- Problem to solve
Restrict the output to the lines below starting at the one that contains "thumbnail image 5" and ending at the one that contains "stile next to river", and restate them word for word, both ends included.

- Records for the task
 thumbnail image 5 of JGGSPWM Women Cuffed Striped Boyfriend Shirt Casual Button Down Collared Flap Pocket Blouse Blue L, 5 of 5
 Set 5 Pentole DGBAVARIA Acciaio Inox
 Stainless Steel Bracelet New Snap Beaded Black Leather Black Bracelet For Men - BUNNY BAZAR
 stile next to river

---

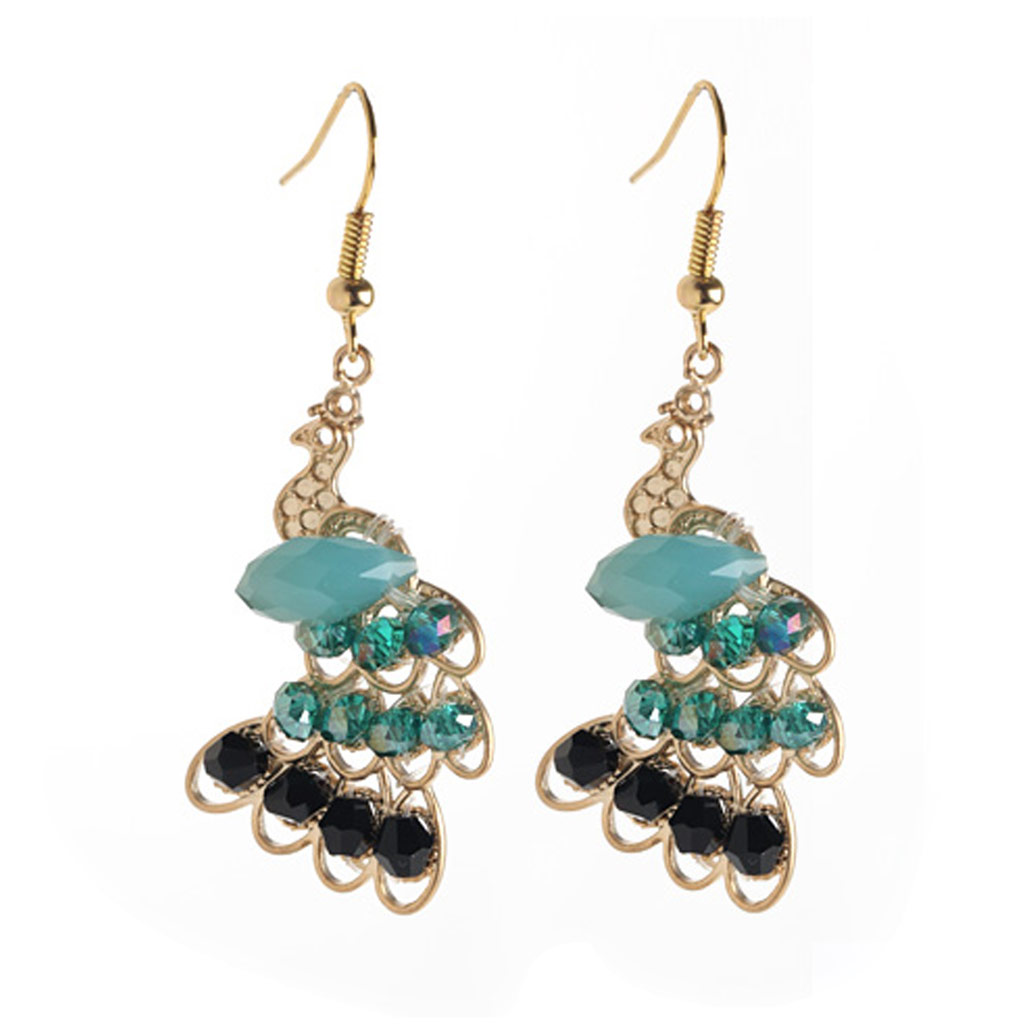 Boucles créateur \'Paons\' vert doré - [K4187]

==

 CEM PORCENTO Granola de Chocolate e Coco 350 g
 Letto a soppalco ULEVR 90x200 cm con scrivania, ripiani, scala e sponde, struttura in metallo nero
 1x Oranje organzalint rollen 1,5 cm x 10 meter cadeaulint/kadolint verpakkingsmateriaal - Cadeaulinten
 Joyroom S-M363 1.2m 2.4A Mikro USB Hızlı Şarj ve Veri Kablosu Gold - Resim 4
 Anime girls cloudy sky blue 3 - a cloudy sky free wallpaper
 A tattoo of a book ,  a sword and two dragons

- Exercise response
 thumbnail image 5 of JGGSPWM Women Cuffed Striped Boyfriend Shirt Casual Button Down Collared Flap Pocket Blouse Blue L, 5 of 5
 Set 5 Pentole DGBAVARIA Acciaio Inox
 Stainless Steel Bracelet New Snap Beaded Black Leather Black Bracelet For Men - BUNNY BAZAR
 stile next to river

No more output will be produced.